Preston Women

Colonel William Preston was a strong and dedicated leader who married an equally strong wife; together they bore many determined sons and daughters.  Unfortunately, William Preston’s life was cut short and it was his wife, Susanna Smith Preston, who successfully raised and educated all of the Preston children.  Most of the children, in turn, married well and raised more civic leaders of both genders. 

Notable among the Preston women are:

Susanna Smith Preston (1740-1823) – A fifth generation Virginian born in Hanover County, she was educated by the Rev. Patrick Henry, married William Preston in 1761 and gave birth to twelve children.  She ran Smithfield Plantation for forty years after becoming a widow when Colonel Preston died in 1783.

Elizabeth Preston Madison (1762-1837) – The eldest daughter of William and Susanna Preston, she married William Strother Madison, a first cousin once removed of President James Madison, Jr. Elizabeth was widowed at age 19 during the Revolutionary War, but successfully ran her plantation, raised her two daughters and chose never to remarry.
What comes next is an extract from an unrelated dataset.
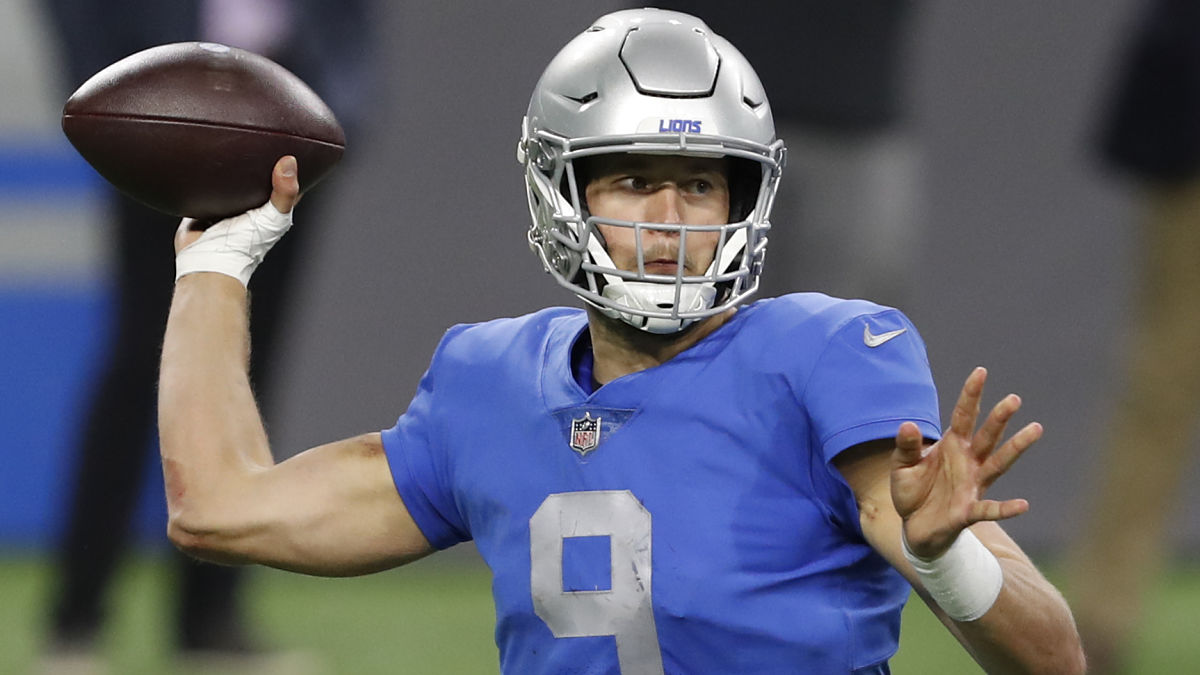 Detroit Lions quarterback Matthew Stafford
 Edmonia Madison Randolph Preston (1787-1847) – Edmonia was the daughter of Edmond Jennings Randolph, the United States Attorney General and later Secretary of State under George Washington.  She married Thomas Lewis Preston, who died during the War of 1812.  Edmonia and Thomas Preston had three children, one of whom was John Thomas Lewis Preston (“J.T.L.”) who founded Virginia Military Institute. 
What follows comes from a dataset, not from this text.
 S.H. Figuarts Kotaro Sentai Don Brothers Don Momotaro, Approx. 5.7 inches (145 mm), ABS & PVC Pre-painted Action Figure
Elizabeth Preston McDowell Benton (1794-1854) – Elizabeth married Senator Thomas Hart Benton and they settled in Nashville, Tennessee before moving to the Missouri Territory in 1815.  Senator Benton was one of the most powerful men in the Senate.  Elizabeth and Hart Benton had three children, one of whom was Jessie Benton Frémont.  Elizabeth’s great-nephew was Thomas Hart Benton the renowned early 20th century artist.

Margaret Junkin Preston (1820-1897) – Known as the “Poetess of the Confederacy”, Margaret married J.T.L. Preston who founded Virginia Military Institute.  She was a published author of prose and poetry, much of which advocated on behalf of the Confederacy.  Margaret’s sister Elinor “Ellie” Junkin married Thomas Jonathan Stonewall Jackson. 
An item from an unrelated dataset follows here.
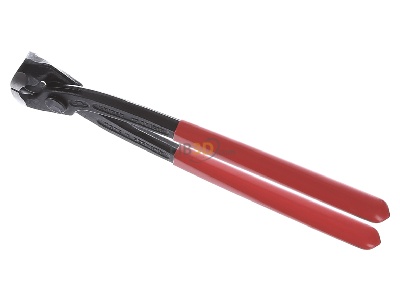 Ansicht oben vorne Knipex 10 99 I220 Ohrklemmenzange mit Pressnase 220mm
Jessie Benton Frémont (1824-1902) – Daughter of Senator Thomas Hart Benton, she married John C. Frémont, a military officer, explorer and politician.  He was the Territorial Governor of Arizona and a U.S. Senator from California.  Jessie was a prolific author, was outspoken on political issues and, at an intensely adverse time for women, was quite determined in her opposition to slavery.